* Dataset content:
-=-=-
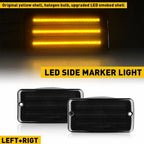 2pcs Smoked Lens Amber LED Bumper Signal Light for Jeep Wrangler TJ (1997–2006)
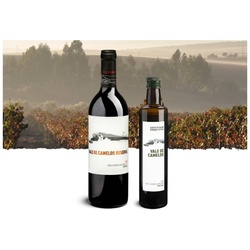 Genusspaket «Vale de Camelos - Portugal» 2 Fl. Wein + 1 Fl. Olivenöl 50 cl, in Geschenkkarton, Bio Probierpakete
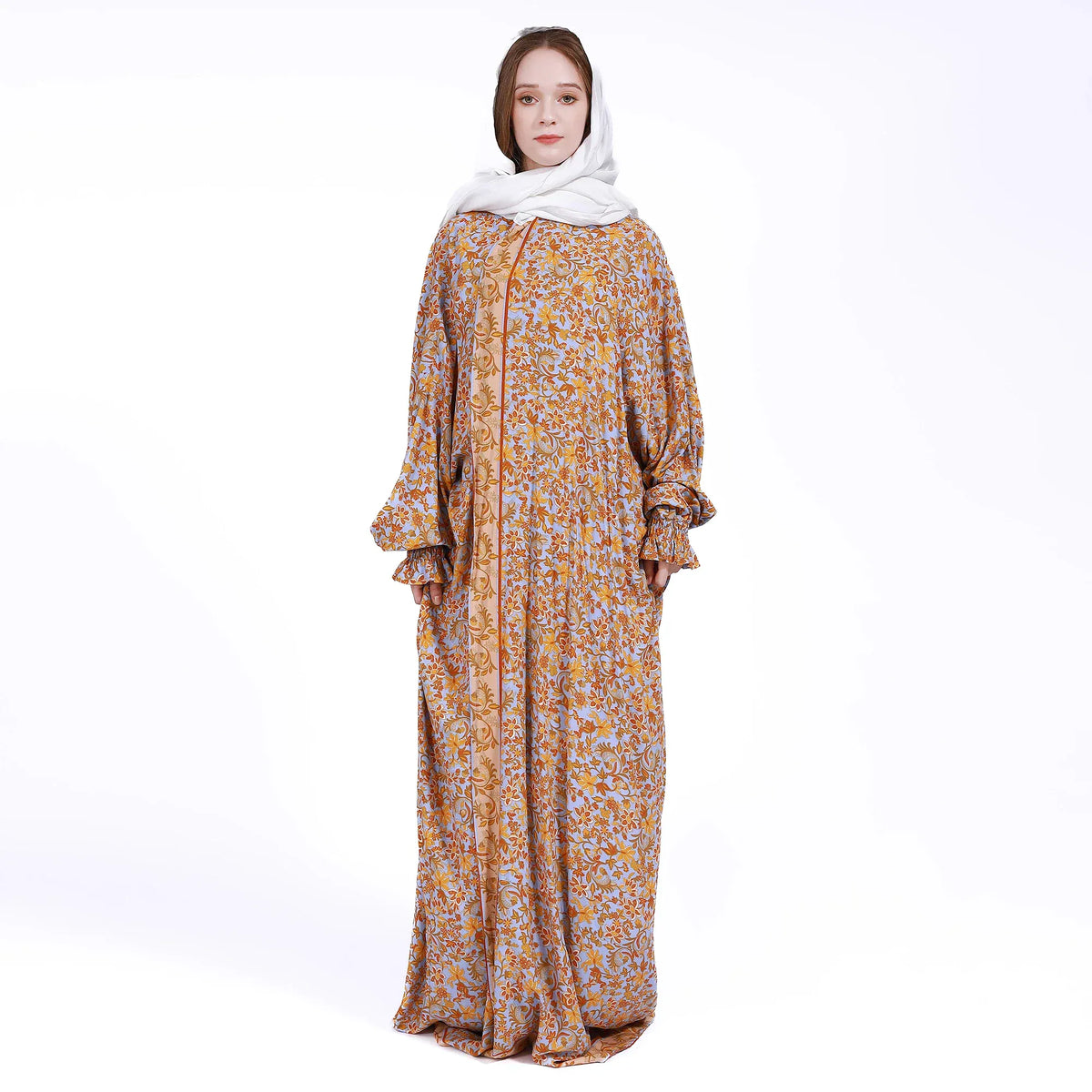 Yellow Isalmic Prayer Robe For Women Image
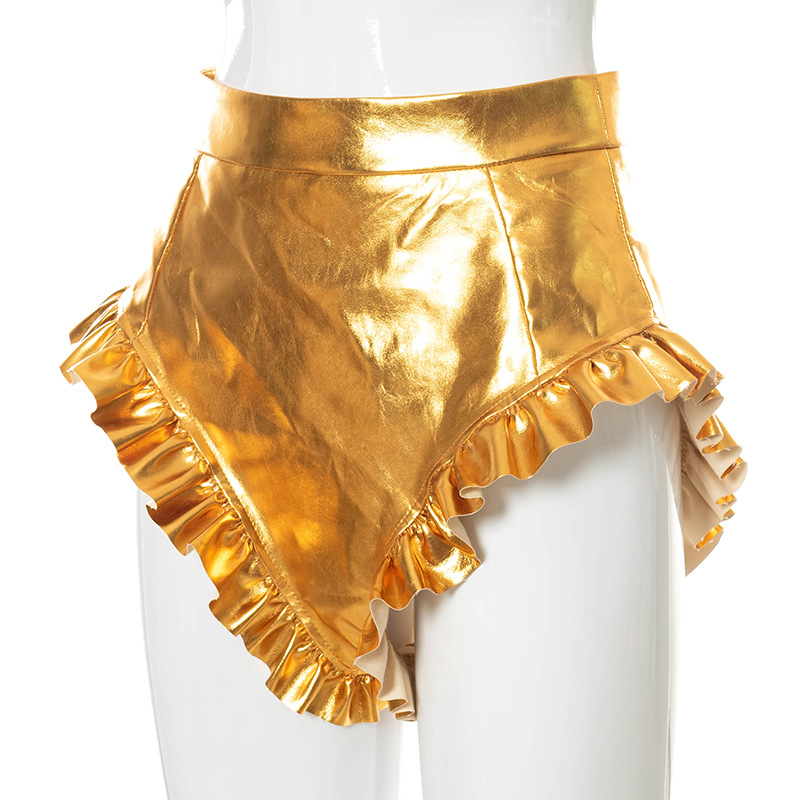 Women's PU Leather Shorts 25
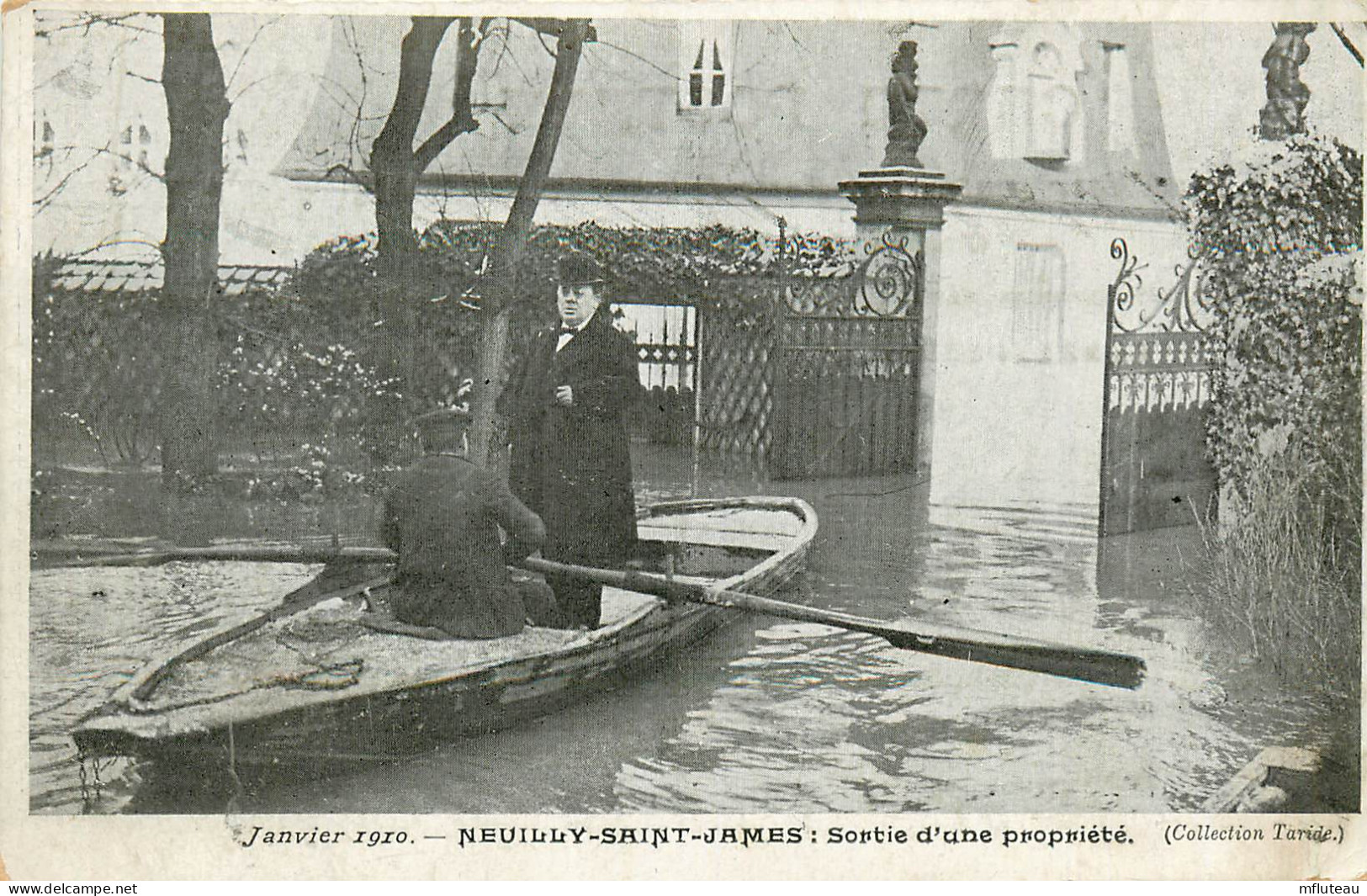 92* NEUILLY ST JAMES Crue 1910     RL13.0970 - Neuilly Sur Seine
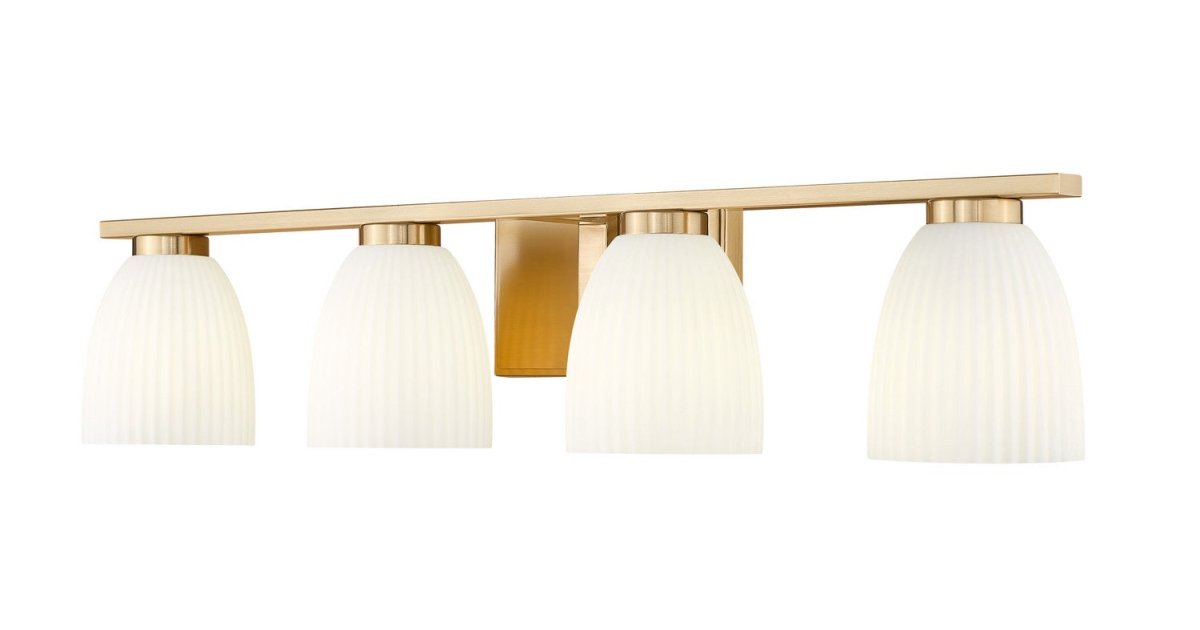 Luminaire de vanité Naya - Or moderne 32" by Z-Lite | Luminaires & cie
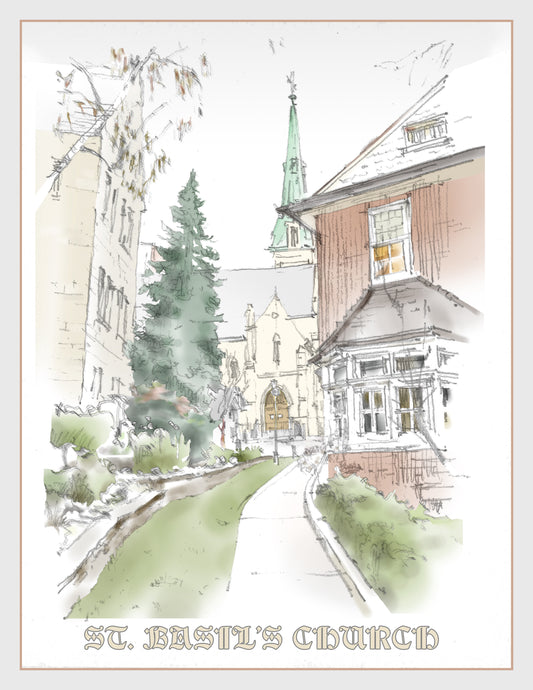 Toronto Travel Print. St Basil's Church.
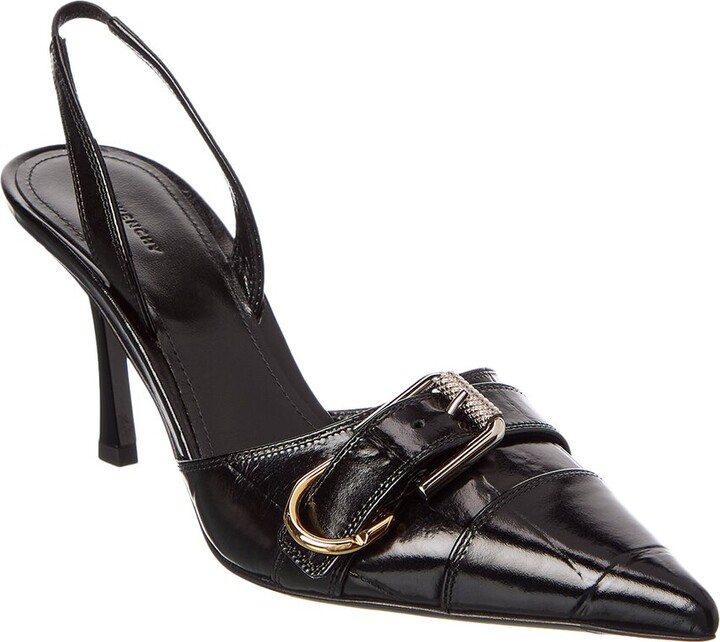 Givenchy Voyou Croc-Embossed Slingback Pump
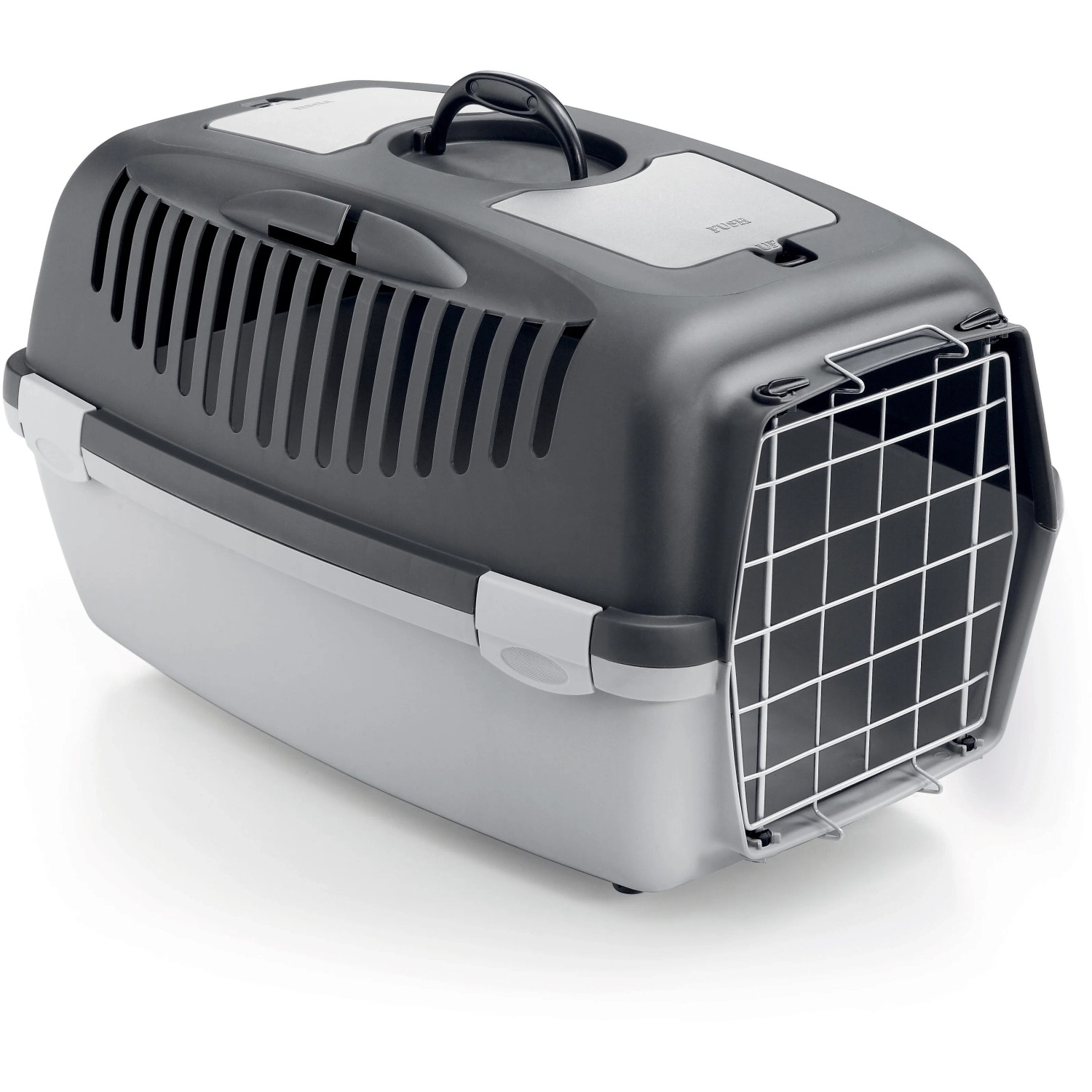 Trasportino Stefanplast Gulliver 4 IATA Plus – 51x50x71 Cm, Grigio, Robusto E Facile Da Pulire Per Viaggiare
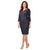 Alex Evenings - 434118 Longsleeve Side Draped Plus Size Dress in Black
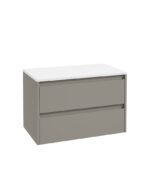 APEX Wall Hung 80cm Two Drawer Countertop Vanity Unit - City Stone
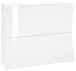 Schuhschrank >Arona< in Weiß Hochglanz - 101x81.4x26.6cm (BxHxT)
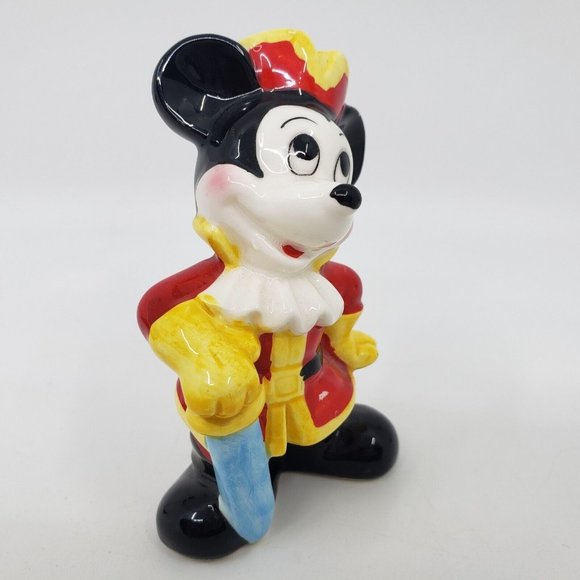 Walt Disney Mickey Mouse Ceramic Figure Figurine Porcelain 4 in Japan VINTAGE - Picture 3 of 9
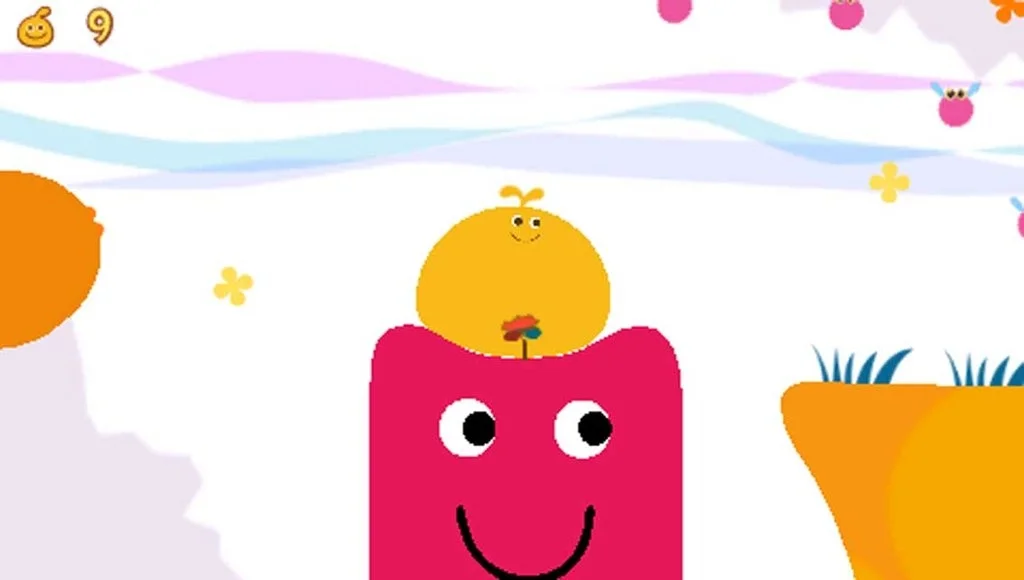 Gameplay screenshot for LocoRoco on Sony PSP (Region not specified)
-=-=-
* Your instructions:
From the first line to the last, retype the data exactly, without images.

* Task answer:
 2pcs Smoked Lens Amber LED Bumper Signal Light for Jeep Wrangler TJ (1997–2006)
 Genusspaket «Vale de Camelos - Portugal» 2 Fl. Wein + 1 Fl. Olivenöl 50 cl, in Geschenkkarton, Bio Probierpakete
 Yellow Isalmic Prayer Robe For Women Image
 Women's PU Leather Shorts 25
 92* NEUILLY ST JAMES Crue 1910     RL13.0970 - Neuilly Sur Seine
 Luminaire de vanité Naya - Or moderne 32" by Z-Lite | Luminaires & cie
 Toronto Travel Print. St Basil's Church.
 Givenchy Voyou Croc-Embossed Slingback Pump
 Trasportino Stefanplast Gulliver 4 IATA Plus – 51x50x71 Cm, Grigio, Robusto E Facile Da Pulire Per Viaggiare
 Alex Evenings - 434118 Longsleeve Side Draped Plus Size Dress in Black
 APEX Wall Hung 80cm Two Drawer Countertop Vanity Unit - City Stone
 Schuhschrank >Arona< in Weiß Hochglanz - 101x81.4x26.6cm (BxHxT)
 Walt Disney Mickey Mouse Ceramic Figure Figurine Porcelain 4 in Japan VINTAGE - Picture 3 of 9
 Gameplay screenshot for LocoRoco on Sony PSP (Region not specified)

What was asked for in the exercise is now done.